* [Supplied material]:
..............................

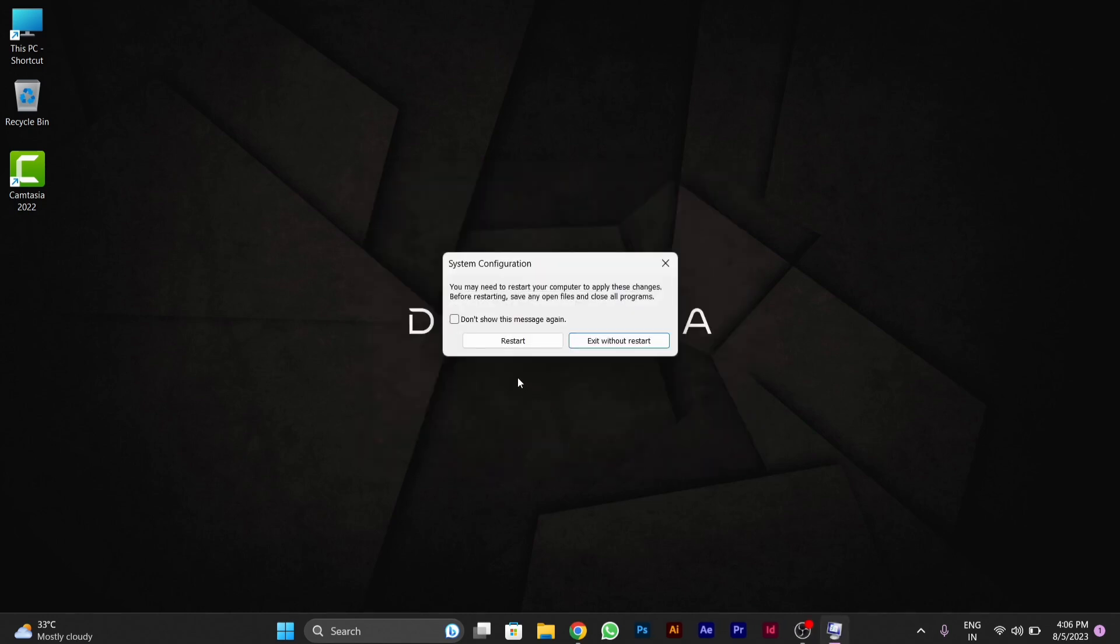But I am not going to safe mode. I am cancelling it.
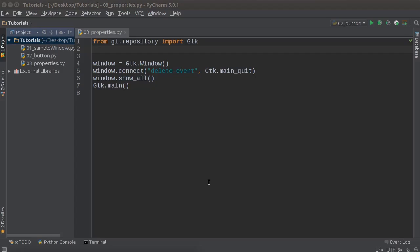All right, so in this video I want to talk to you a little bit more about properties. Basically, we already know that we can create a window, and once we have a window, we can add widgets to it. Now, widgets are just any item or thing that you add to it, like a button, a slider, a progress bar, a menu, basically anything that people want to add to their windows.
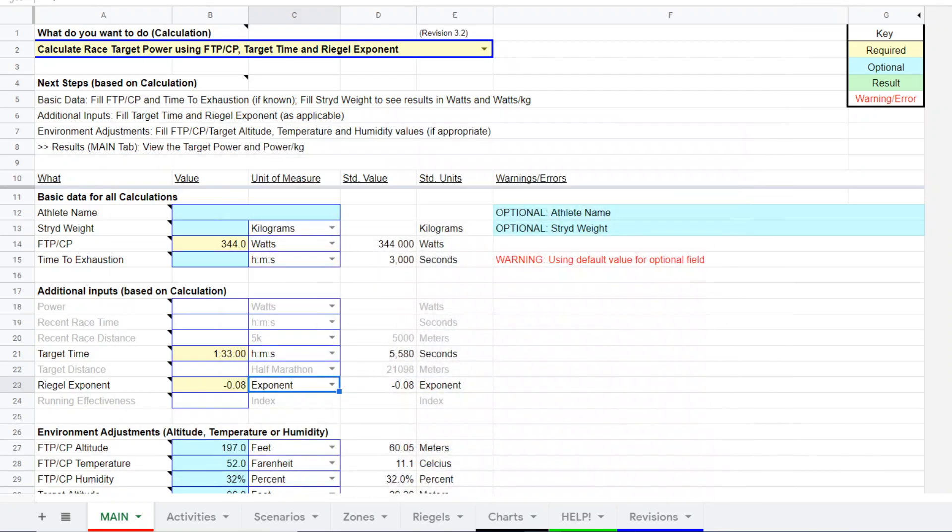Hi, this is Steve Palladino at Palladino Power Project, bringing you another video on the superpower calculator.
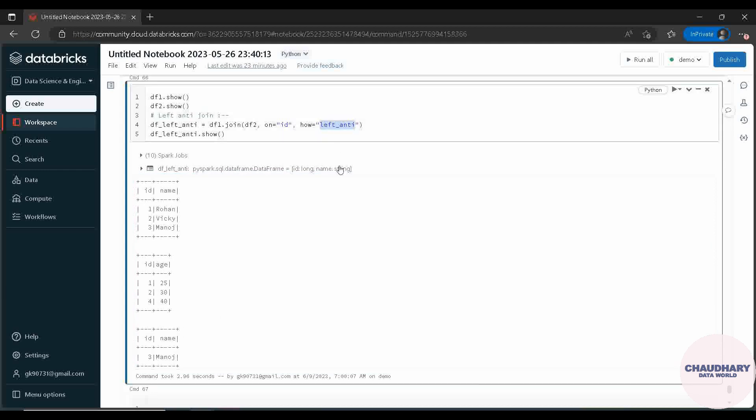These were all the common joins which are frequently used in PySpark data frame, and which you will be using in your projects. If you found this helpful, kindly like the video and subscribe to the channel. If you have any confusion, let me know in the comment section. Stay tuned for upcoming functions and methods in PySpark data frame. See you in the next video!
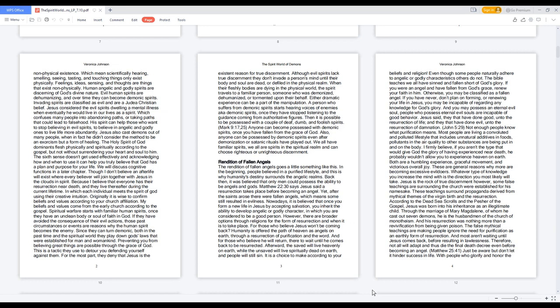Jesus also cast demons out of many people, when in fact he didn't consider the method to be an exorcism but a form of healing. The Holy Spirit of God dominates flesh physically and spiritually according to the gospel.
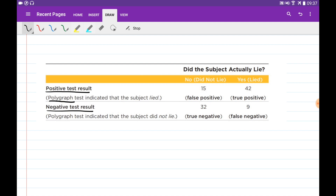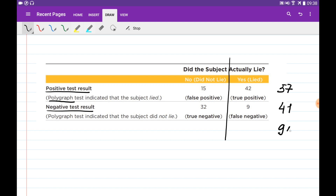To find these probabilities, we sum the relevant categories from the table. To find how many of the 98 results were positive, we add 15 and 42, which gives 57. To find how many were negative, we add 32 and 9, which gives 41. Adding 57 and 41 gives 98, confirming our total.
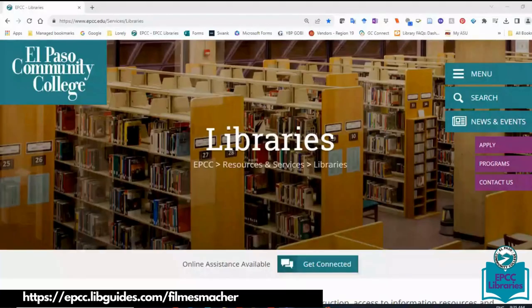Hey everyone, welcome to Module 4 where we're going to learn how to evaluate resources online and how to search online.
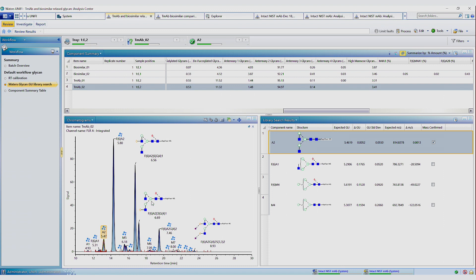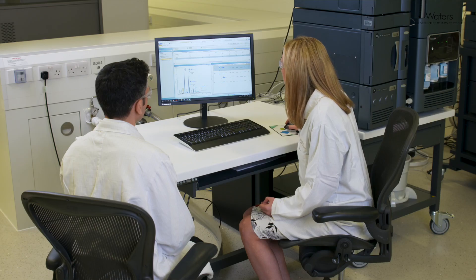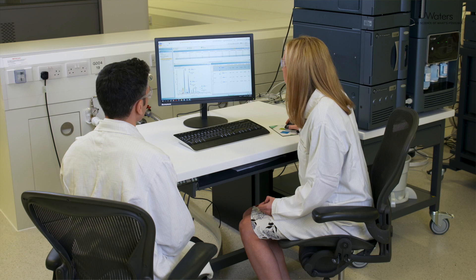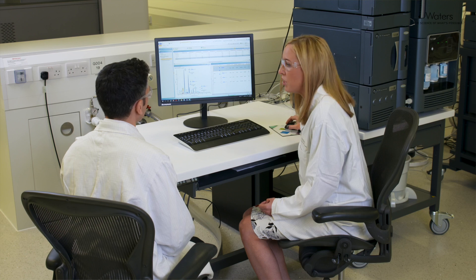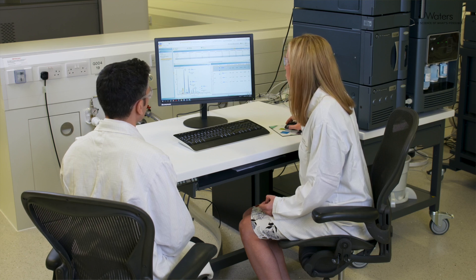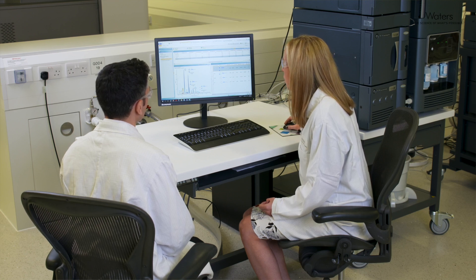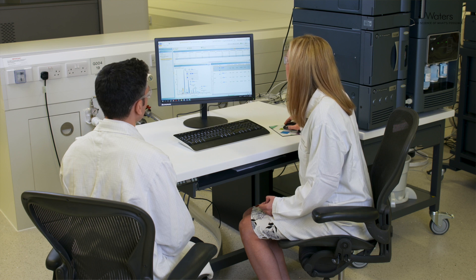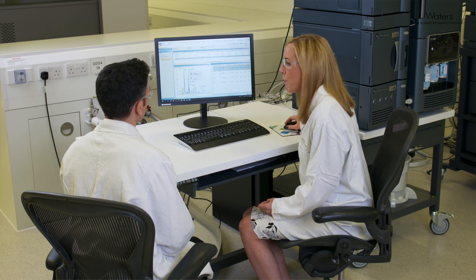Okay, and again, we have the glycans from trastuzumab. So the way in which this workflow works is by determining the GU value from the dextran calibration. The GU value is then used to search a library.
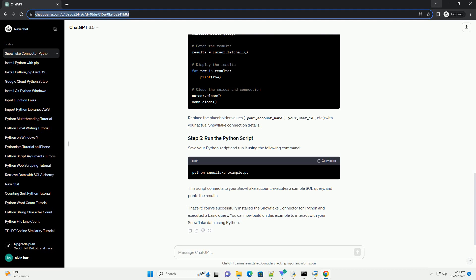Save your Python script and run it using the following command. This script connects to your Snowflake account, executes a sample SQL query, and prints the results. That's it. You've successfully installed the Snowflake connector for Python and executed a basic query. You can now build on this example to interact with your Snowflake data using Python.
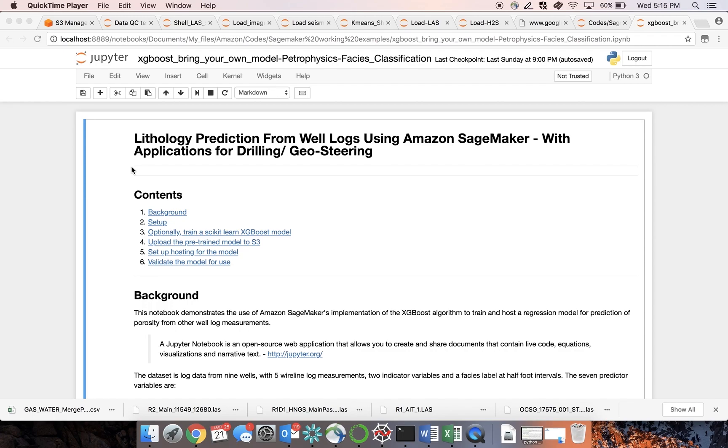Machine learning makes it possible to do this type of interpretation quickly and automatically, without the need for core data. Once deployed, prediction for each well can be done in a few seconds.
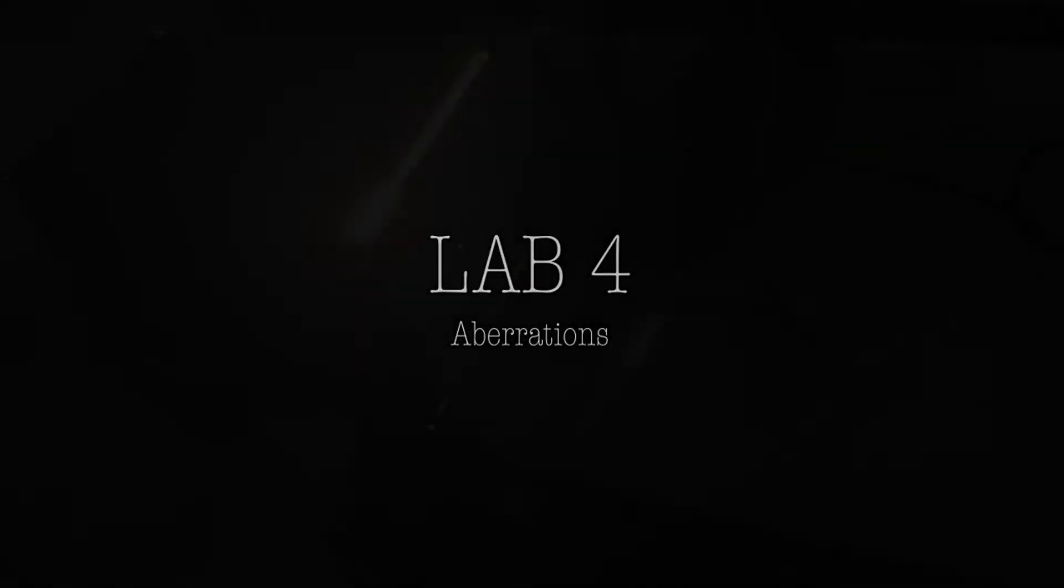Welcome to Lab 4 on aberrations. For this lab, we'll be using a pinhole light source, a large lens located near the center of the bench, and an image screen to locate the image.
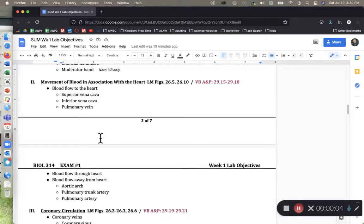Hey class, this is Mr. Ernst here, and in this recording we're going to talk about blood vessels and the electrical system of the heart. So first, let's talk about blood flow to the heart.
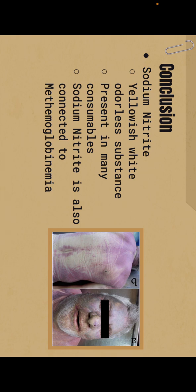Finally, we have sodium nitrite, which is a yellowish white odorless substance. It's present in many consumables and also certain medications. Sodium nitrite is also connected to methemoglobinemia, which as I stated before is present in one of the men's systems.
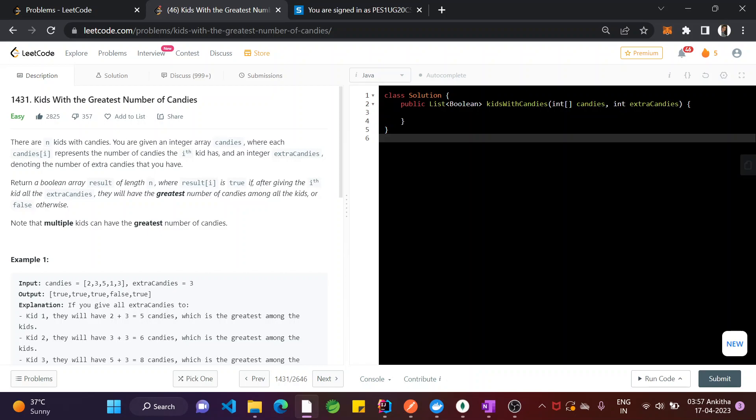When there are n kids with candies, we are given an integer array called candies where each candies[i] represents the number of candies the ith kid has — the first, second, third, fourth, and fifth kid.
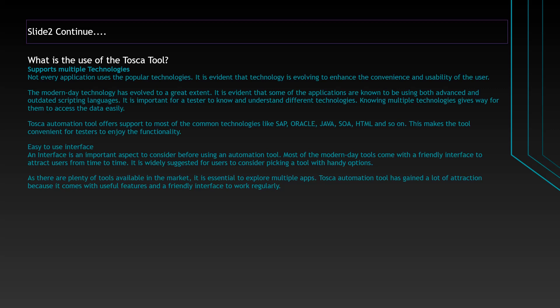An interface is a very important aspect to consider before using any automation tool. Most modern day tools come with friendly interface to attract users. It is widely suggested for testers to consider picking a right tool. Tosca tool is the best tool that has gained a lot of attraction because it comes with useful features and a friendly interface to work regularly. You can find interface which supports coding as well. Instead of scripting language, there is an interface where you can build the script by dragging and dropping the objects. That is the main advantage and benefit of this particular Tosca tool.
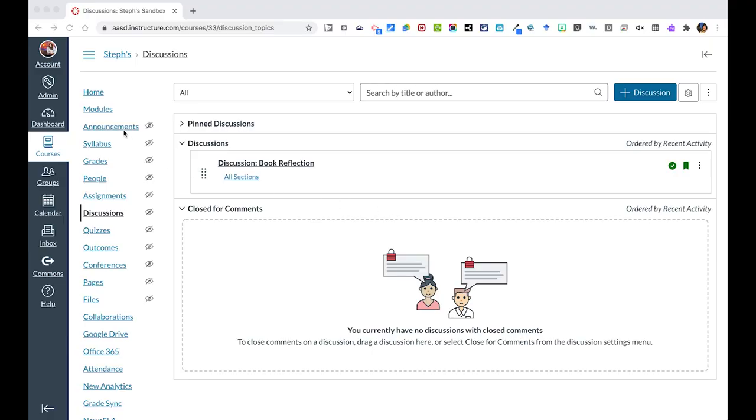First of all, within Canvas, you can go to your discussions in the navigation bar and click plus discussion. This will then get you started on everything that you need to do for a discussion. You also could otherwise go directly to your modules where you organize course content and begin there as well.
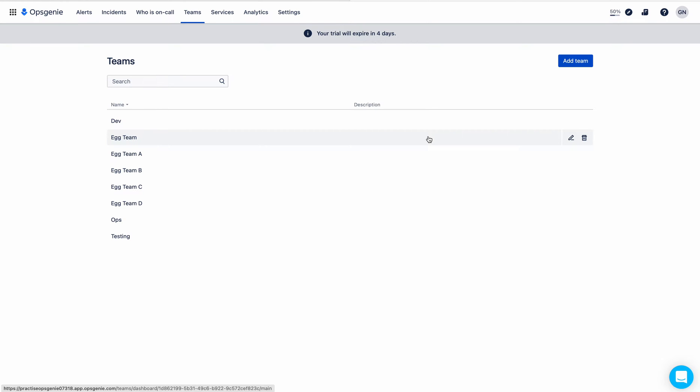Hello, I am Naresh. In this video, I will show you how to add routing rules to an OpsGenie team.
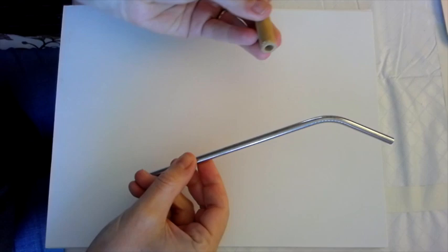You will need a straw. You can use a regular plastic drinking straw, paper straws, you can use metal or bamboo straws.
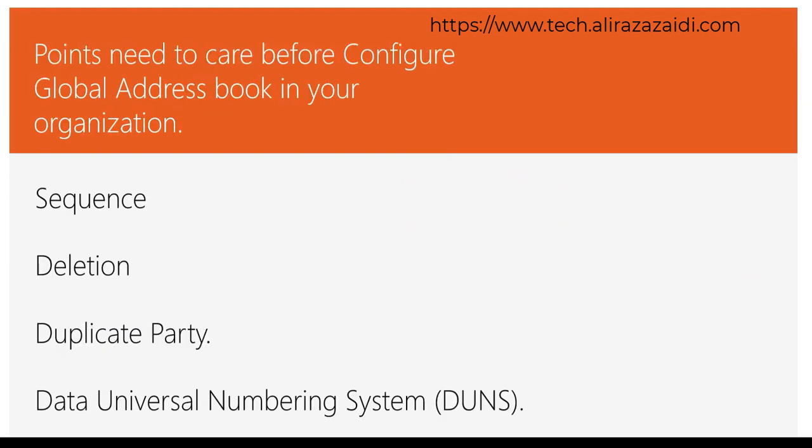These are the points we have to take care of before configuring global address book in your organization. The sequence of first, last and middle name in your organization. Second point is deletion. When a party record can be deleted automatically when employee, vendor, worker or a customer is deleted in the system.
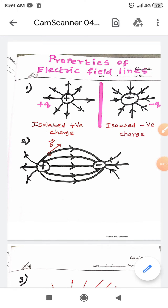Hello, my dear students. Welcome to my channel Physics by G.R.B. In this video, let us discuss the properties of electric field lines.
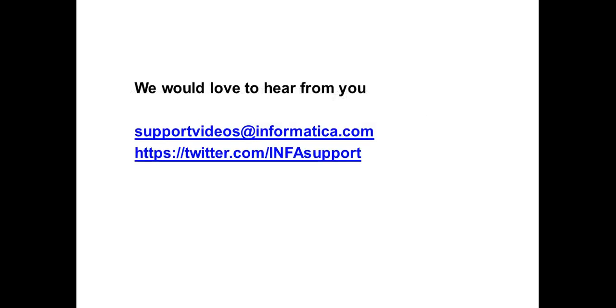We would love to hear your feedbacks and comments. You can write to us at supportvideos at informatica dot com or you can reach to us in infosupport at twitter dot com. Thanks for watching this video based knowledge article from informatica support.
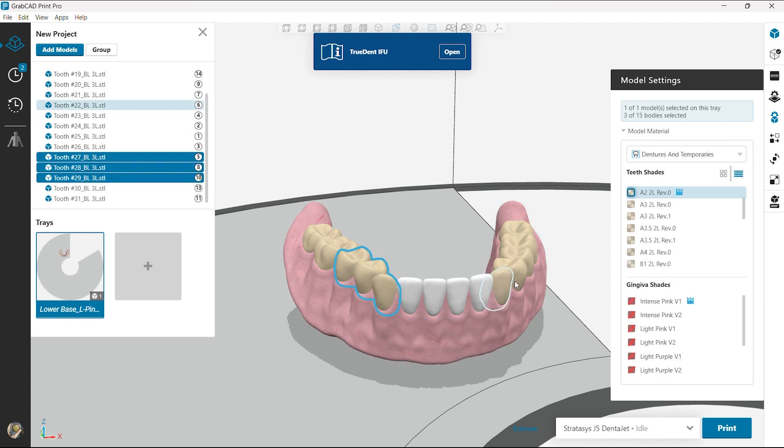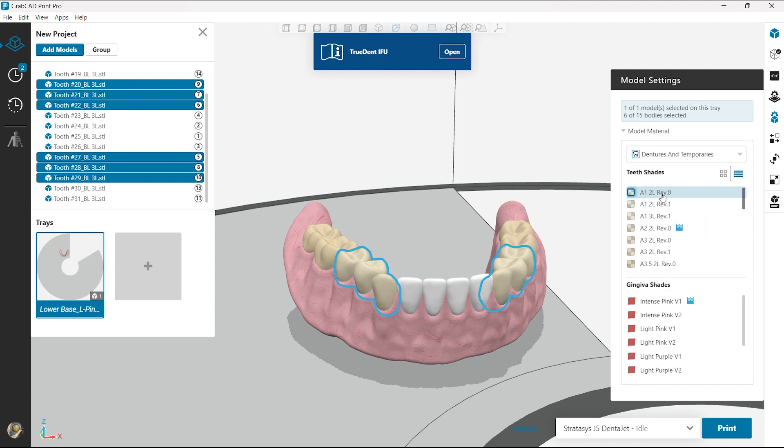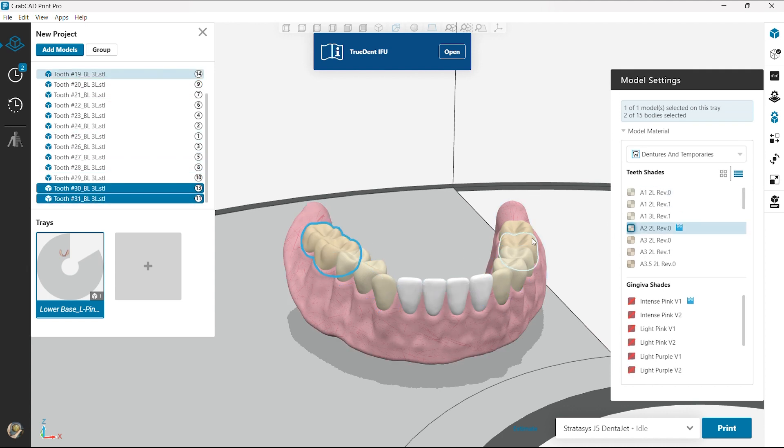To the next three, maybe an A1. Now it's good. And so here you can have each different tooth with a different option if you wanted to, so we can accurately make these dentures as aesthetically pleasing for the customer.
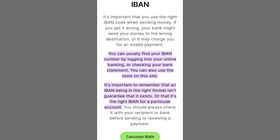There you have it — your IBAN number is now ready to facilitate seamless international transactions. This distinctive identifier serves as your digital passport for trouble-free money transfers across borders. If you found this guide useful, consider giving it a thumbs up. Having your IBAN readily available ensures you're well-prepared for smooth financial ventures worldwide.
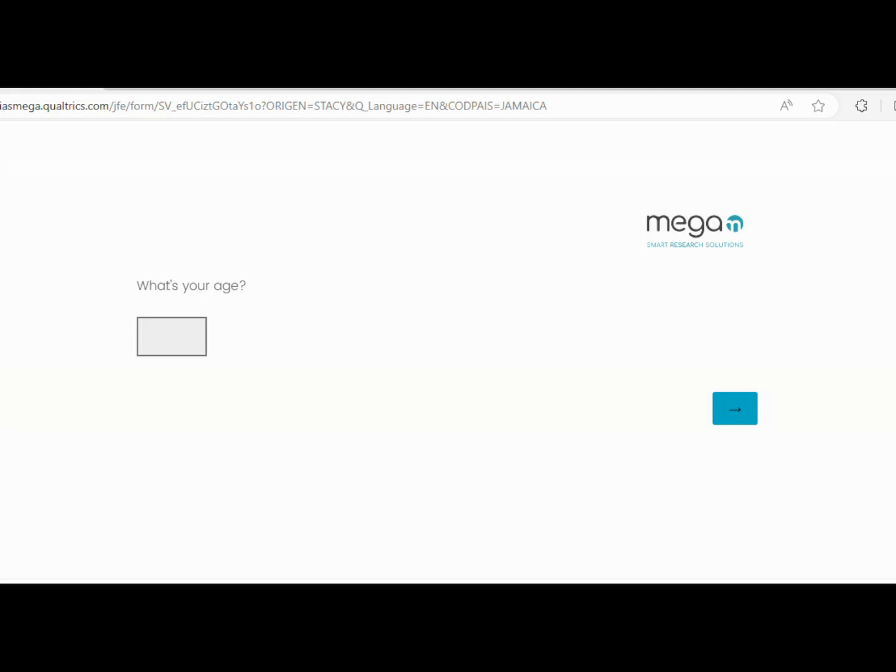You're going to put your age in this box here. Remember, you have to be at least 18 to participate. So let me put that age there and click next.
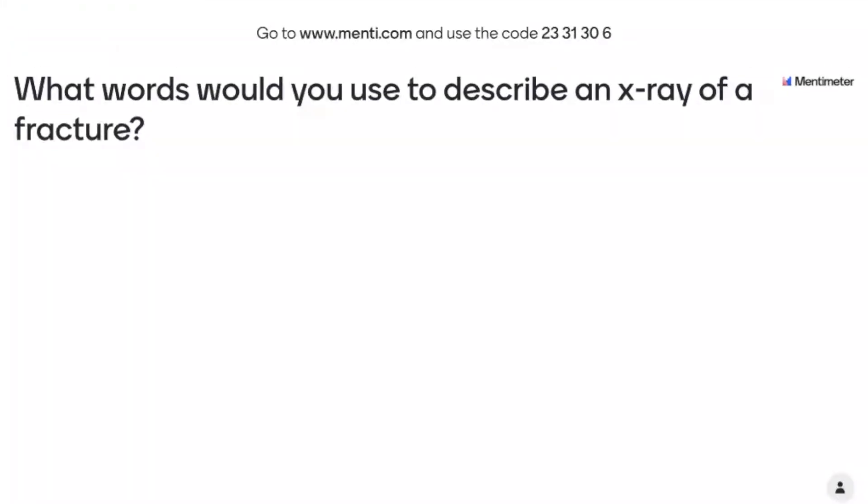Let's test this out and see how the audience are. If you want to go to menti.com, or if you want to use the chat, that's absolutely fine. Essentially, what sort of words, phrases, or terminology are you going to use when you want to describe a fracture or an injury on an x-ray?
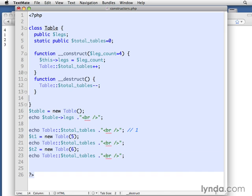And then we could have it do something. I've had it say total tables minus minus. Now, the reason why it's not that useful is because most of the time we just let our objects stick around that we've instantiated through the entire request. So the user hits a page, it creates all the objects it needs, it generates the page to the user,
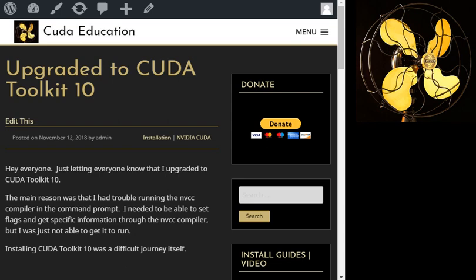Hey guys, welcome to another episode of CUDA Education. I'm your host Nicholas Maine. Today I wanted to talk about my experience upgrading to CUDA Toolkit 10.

..............................

* [Exercise prompt]: Copy nothing but the lines above that run from the one with "To the next" to the one with "Let's test this", ends included; pictures stay out.

* [Result for this exercise]:
To the next three, maybe an A1. Now it's good. And so here you can have each different tooth with a different option if you wanted to, so we can accurately make these dentures as aesthetically pleasing for the customer.
There you have it — your IBAN number is now ready to facilitate seamless international transactions. This distinctive identifier serves as your digital passport for trouble-free money transfers across borders. If you found this guide useful, consider giving it a thumbs up. Having your IBAN readily available ensures you're well-prepared for smooth financial ventures worldwide.
You're going to put your age in this box here. Remember, you have to be at least 18 to participate. So let me put that age there and click next.
Let's test this out and see how the audience are. If you want to go to menti.com, or if you want to use the chat, that's absolutely fine. Essentially, what sort of words, phrases, or terminology are you going to use when you want to describe a fracture or an injury on an x-ray?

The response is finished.